Short text fragments from websites

□ □ □ □

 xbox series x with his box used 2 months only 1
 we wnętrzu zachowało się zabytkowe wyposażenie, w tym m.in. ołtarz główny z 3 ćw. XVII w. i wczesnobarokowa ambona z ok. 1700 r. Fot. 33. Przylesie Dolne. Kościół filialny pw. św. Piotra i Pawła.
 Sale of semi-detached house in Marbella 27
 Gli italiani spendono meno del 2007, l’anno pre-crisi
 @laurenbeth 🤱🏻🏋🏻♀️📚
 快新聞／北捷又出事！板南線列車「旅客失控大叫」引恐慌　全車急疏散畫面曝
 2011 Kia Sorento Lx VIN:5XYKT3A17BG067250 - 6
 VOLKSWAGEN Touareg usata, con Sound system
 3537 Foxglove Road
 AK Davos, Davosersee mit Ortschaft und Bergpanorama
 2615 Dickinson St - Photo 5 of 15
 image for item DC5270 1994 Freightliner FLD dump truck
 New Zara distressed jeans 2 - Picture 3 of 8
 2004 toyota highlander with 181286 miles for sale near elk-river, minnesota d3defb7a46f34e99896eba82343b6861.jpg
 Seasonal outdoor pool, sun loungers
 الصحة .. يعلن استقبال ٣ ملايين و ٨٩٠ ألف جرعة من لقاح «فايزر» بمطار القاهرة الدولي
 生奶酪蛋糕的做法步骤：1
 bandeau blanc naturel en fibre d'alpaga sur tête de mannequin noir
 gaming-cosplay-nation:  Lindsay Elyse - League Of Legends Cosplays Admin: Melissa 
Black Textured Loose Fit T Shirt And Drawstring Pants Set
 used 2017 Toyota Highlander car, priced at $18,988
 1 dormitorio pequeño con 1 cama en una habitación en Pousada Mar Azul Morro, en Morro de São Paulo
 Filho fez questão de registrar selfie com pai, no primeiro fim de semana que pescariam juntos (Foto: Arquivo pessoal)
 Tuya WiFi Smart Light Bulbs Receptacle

□ □ □ □

What the task requires
Which lines of the records above contain the word "used"? Copy each of them.

Exercise result
 xbox series x with his box used 2 months only 1
 used 2017 Toyota Highlander car, priced at $18,988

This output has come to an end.